La reazione non si farà attendere. Viktor Orban, uno dei padri dell’Ungheria democratica, si aggira già sovreccitato, in maniche di una camicia da boscaiolo, per tappeti rossi del Parlamento. Parla con tutti, confabula, promette. Si infiamma come un vero capo.
Sa che dopo il voto, previsto entro un anno, tornerà lui al potere con i suoi conservatori e da subito lancia segnali alle famiglie indebitate: metterà un tetto alla presenza delle banche estere, ha detto in un recente discorso, mai più oltre la metà del mercato nazionale. Fodor è molto più cauto (« il gioco del mercato - sostiene - ma le banche ci diano ancora credito») e anche i socialisti evitano attentamente il populismo anti-europeo. Forse perché qui, nel pieno di questa crisi, sta riemergendo uno dei grandi traumi del socialismo: tutti dentro e fuori il Parlamento ricordano sì la carenza di libertà, ma di più ancora quella di liquidità. Il ricorso eccessivo ai capitali esteri si spiega anche in reazione a quella carestia atavica e il nuovo collasso del credito agita nel sonno vecchi fantasmi sovietici.

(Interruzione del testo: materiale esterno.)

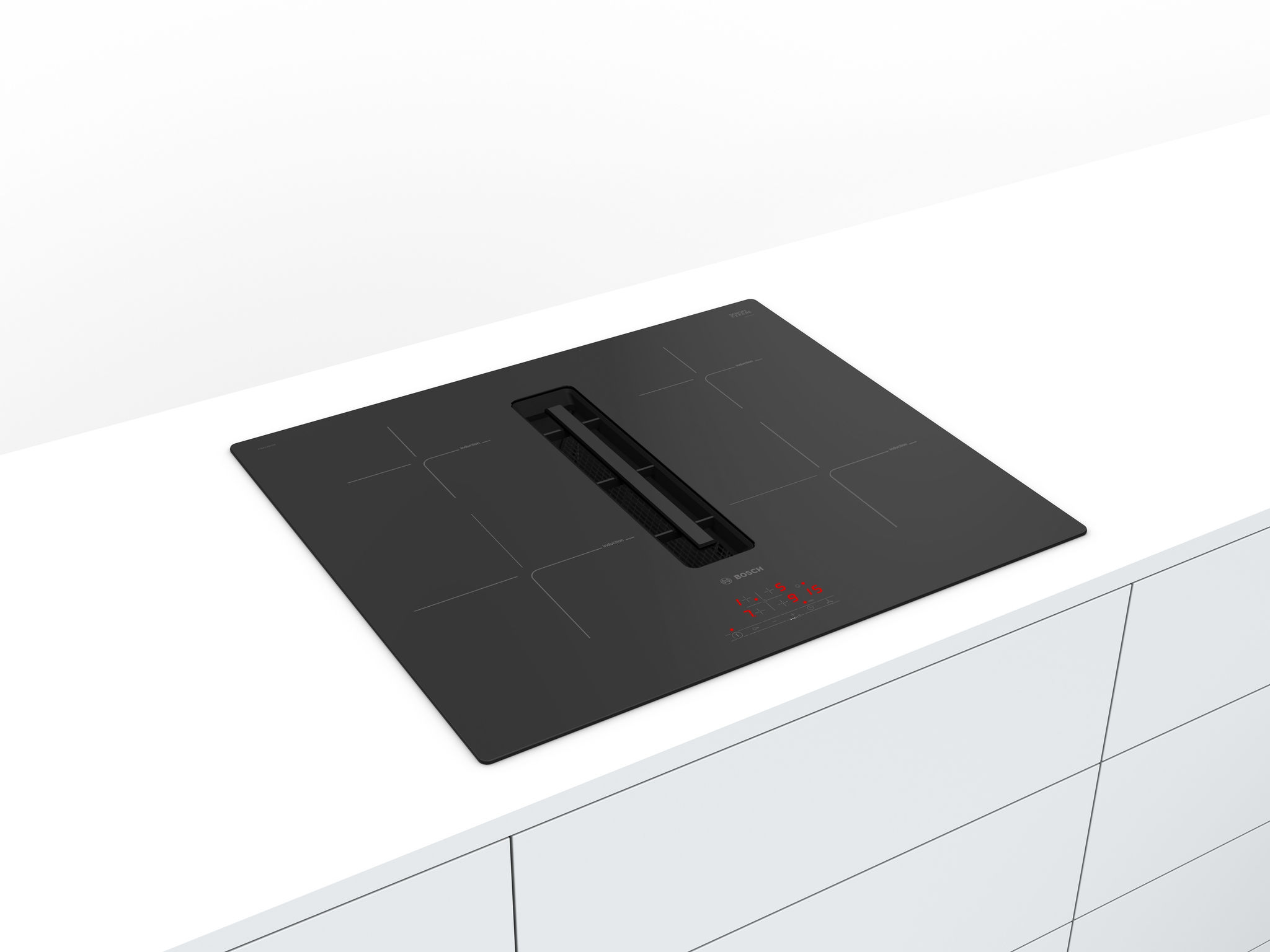 BOSCH Venting-Cooktop Series I 4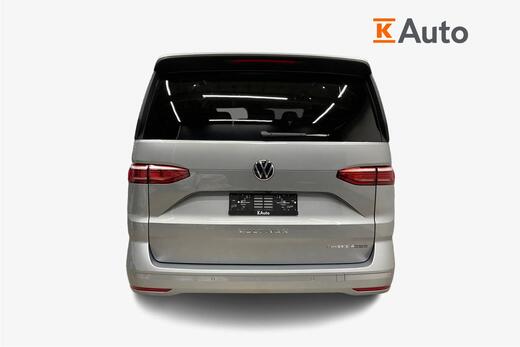 Volkswagen Multivan vaihtoauto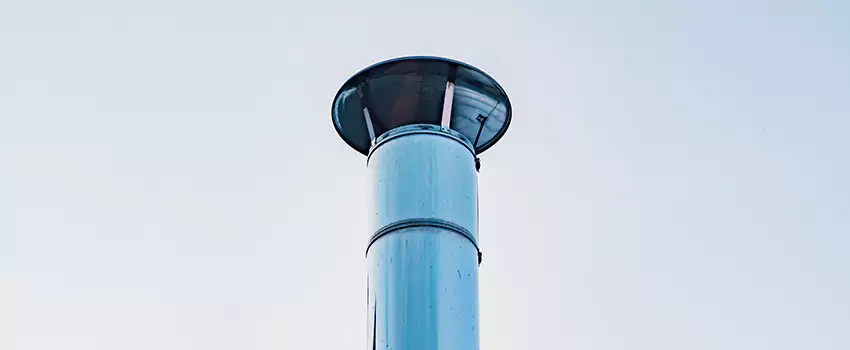 Chimney Spark Arrestor Mesh Installation in Centreville, Virginia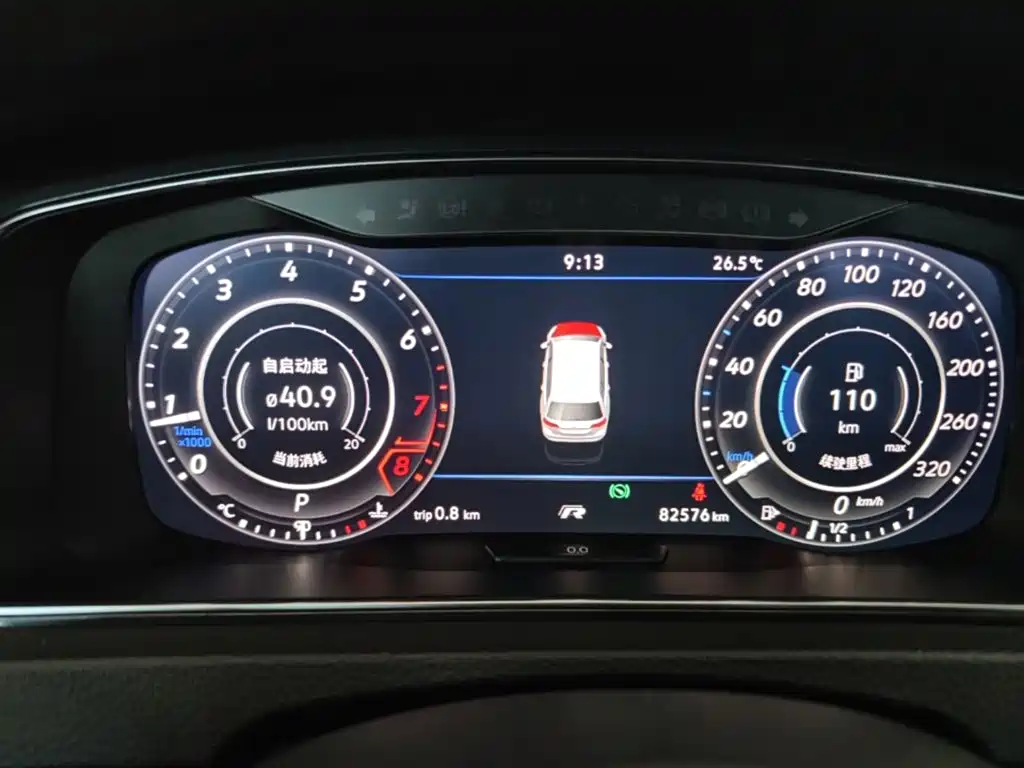 Volkswagen Golf (Import) — миниатюра 12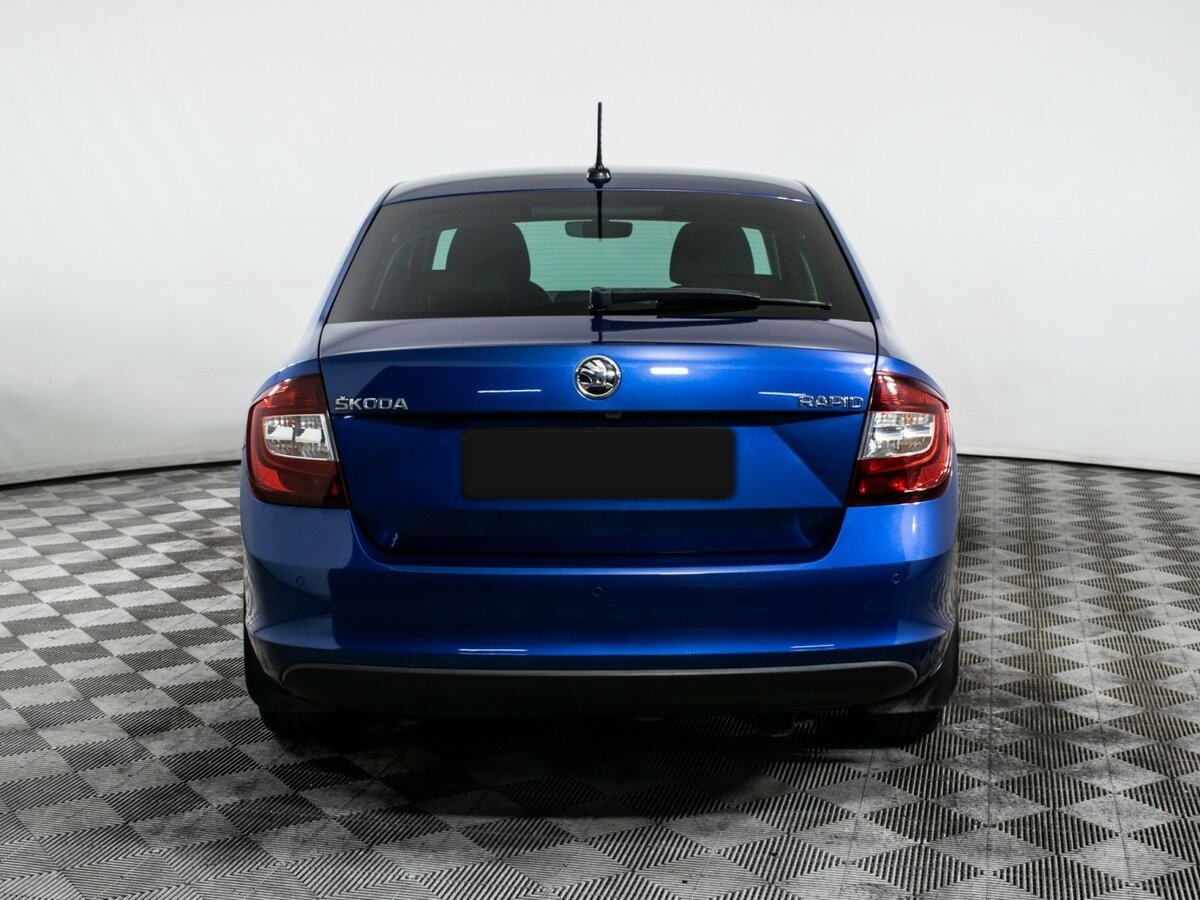 Купить Skoda Rapid I Рестайлинг, 2019, 283 200 км, фото №5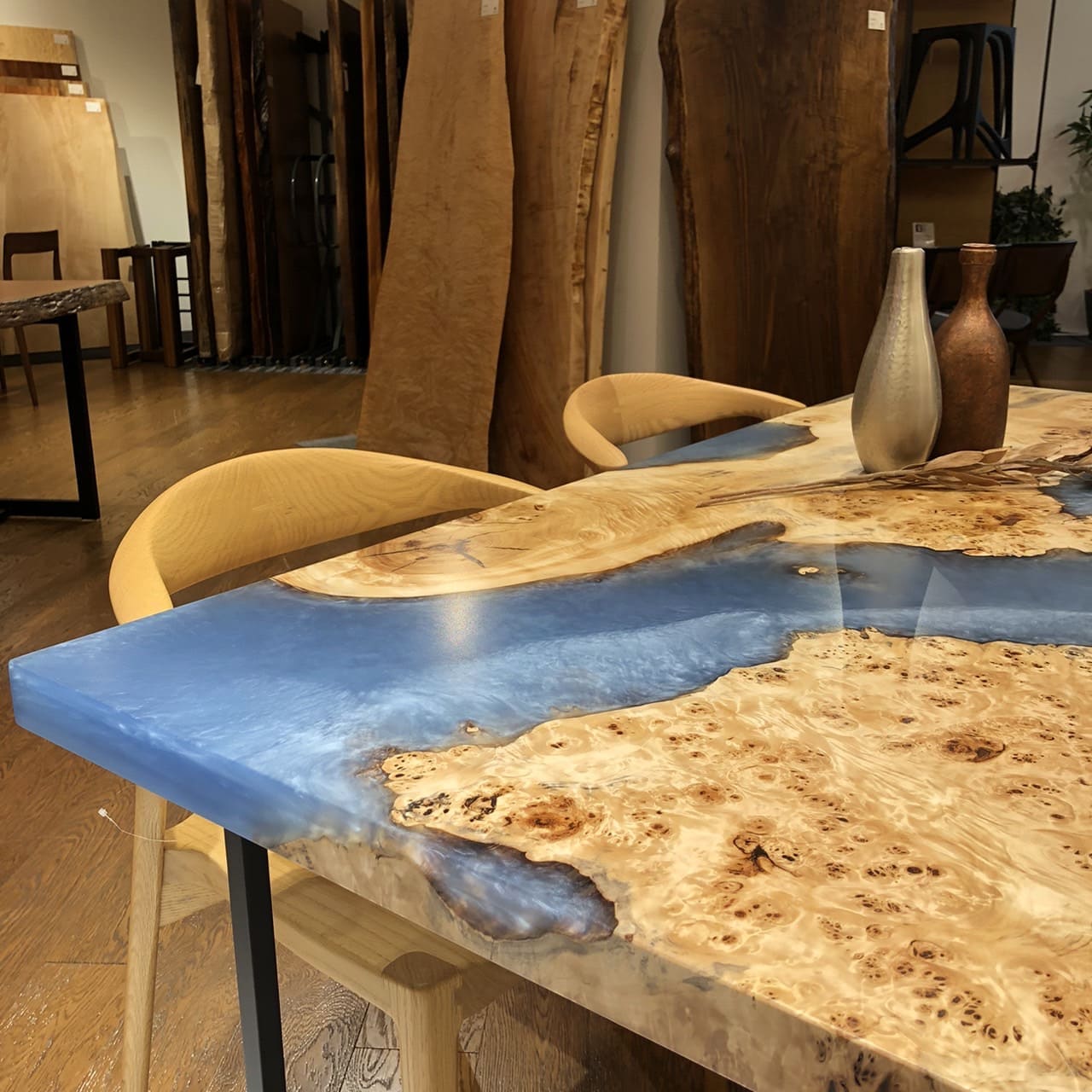 【SOLD OUT】RESIN　ポプラ　2154-1+3204-9　(W150cm)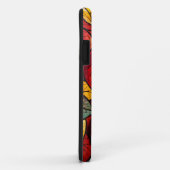 HERFST VERLAAT GLAS IN LOOD Case-Mate iPhone CASE (Achterkant/rechts)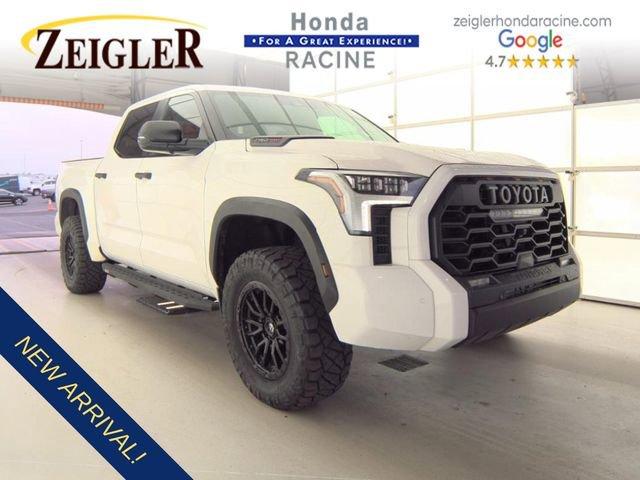 used 2024 Toyota Tundra car, priced at $59,894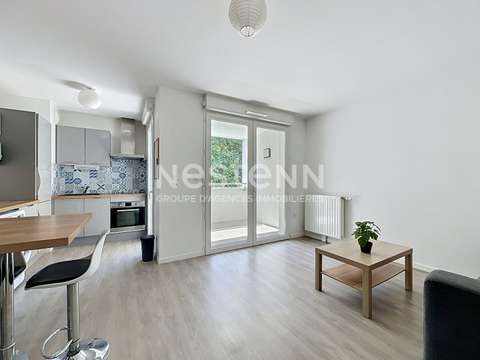 Vente appartement 2 pièces Saint-Herblain 44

«Forse siamo stati un po’ frettolosi nell’aprire il nostro mercato ma prima del cambio di regime il credito ci è mancato tanto », spiega Ildikò Lendvai. Questa signora, capogruppo dei socialisti di Gyurksany in parlamento, nel passato regime guidava la commissione per la censura della stampa. Oggi invece è molto addentro ai negoziati che il governo conduce ancora con le banche estere perché non voltino le spalle all’Ungheria, «Unicredit e Intesa Sanpaolo incluse », dice.
Mark Szabò, analista del Perspective Institute, rincara: la ritirata degli istituti europei adesso che c’è la crisi sarebbe «moralmente ingiustificabile».
Perché quando Gyurksany è andato in parlamento a dire che non ce la fa più, fuori i manifestanti erano poche decine. Ma se anche il prossimo governo fallisce e la crisi si avvita davvero, un capro espiatorio c’è già: quelle che qui chiamano le «banche madri», rischiano di diventare matrigne.